[Opening RECORDS FOR THIS TASK section]
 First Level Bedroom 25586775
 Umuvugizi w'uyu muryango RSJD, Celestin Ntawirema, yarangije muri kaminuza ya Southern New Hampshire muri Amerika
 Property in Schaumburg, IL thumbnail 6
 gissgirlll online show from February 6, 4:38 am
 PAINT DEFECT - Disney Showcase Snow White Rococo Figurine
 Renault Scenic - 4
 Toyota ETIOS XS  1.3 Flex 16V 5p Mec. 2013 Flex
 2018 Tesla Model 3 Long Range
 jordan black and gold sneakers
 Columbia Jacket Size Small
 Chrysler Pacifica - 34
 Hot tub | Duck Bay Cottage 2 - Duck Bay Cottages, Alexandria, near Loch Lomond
[Closing RECORDS FOR THIS TASK section]
Each line of the material is to be returned precisely as written.

▸ EXPECTED ANSWER:
 First Level Bedroom 25586775
 Umuvugizi w'uyu muryango RSJD, Celestin Ntawirema, yarangije muri kaminuza ya Southern New Hampshire muri Amerika
 Property in Schaumburg, IL thumbnail 6
 gissgirlll online show from February 6, 4:38 am
 PAINT DEFECT - Disney Showcase Snow White Rococo Figurine
 Renault Scenic - 4
 Toyota ETIOS XS  1.3 Flex 16V 5p Mec. 2013 Flex
 2018 Tesla Model 3 Long Range
 jordan black and gold sneakers
 Columbia Jacket Size Small
 Chrysler Pacifica - 34
 Hot tub | Duck Bay Cottage 2 - Duck Bay Cottages, Alexandria, near Loch Lomond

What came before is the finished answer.